On the facts found we are of opinion that the defendant's agent in carrying out his express authority "to find a lessee upon the best terms he could," had power to employ the plaintiff to assist him in procuring a lessee. He was to lease the theatre if he could — to find a lessee — and no limitation was put upon him except to get the best terms he could.
Upon the facts found the grant of this broad and general authority was entirely natural. It reflected the confidence which the defendant had in her father, trustee and business manager. And so long as he acted in good faith and used such means as were reasonable and necessary to carry out her purpose, his power to represent and bind her is as broad as her confidence in his ability to manage the affair without further instructions.
Express authority, unless restricted to the contrary, includes by implication all such powers as are proper and necessary as a means of effectuating the purpose for which the agency was created. Kearns v. Nickse,80 Conn. 23, 66 A. 779; Benjamin v. Benjamin, 15 Conn. 347, *Page 442 356; Thames Steamboat Co. v. Housatonic R. Co.,24 Conn. 40, 51.

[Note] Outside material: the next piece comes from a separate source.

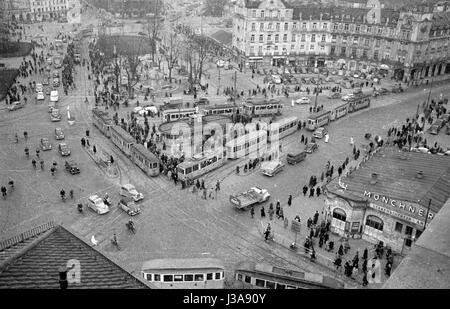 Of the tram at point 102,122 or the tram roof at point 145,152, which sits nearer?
the tram roof at point 145,152

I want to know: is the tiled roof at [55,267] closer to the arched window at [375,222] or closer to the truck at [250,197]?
the truck at [250,197]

The conclusion of the trial court that the plaintiff was the procuring cause of the leasing of the theatre, goes a long way toward finding that his employment to procure a lessee was proper and necessary. So far as appears, Fernandez was not specially qualified to find a lessee for a motion-picture theatre, and he was not employed because he was supposed to possess such special qualification. The plaintiff was, by reason of his employment, brought in contact with the managers of motion-picture theatres, and it may be supposed that desirable lessees would be more likely to be found among that class than elsewhere. There is no finding that the plaintiff's employment was not a proper or necessary means of effectuating the purpose for which the agency was created. On the contrary, the facts found and the conclusion that the plaintiff was the procuring cause of the lease are inconsistent with any other ultimate conclusion than that the employment of the plaintiff was within the authority granted to Fernandez.
It is of no consequence that the plaintiff contracted with Fernandez supposing him to be the owner of the theatre. On discovering the fact that the contract was for the benefit of an undisclosed principal, he had a right to hold the latter. Merrill v. Kenyon, 48 Conn. 314.

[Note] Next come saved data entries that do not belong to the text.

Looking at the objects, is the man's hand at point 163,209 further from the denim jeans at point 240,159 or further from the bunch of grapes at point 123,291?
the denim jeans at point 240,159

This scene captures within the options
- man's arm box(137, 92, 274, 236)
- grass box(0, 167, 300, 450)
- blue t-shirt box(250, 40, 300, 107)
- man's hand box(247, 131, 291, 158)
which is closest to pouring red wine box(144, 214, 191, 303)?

Neither is it material that the defendant did not know of the plaintiff's employment until after the lease was executed. "Principals are always presumed to have knowledge of all the acts done or declarations made by or to their agents, when acting in relation to the subject-matter of the agency, and within the scope of an actual or apparent authority conferred upon them." Smith v. Water Commissioners, 38 Conn. 208,218; Trumbull v. Hewitt, 65 Conn. 60, 74, 31 A. 492, and cases cited. *Page 443
There is error and the cause is remanded with direction to set aside the judgment and enter judgment for $1,000, with interest, for the plaintiff.
In this opinion the other judges concurred.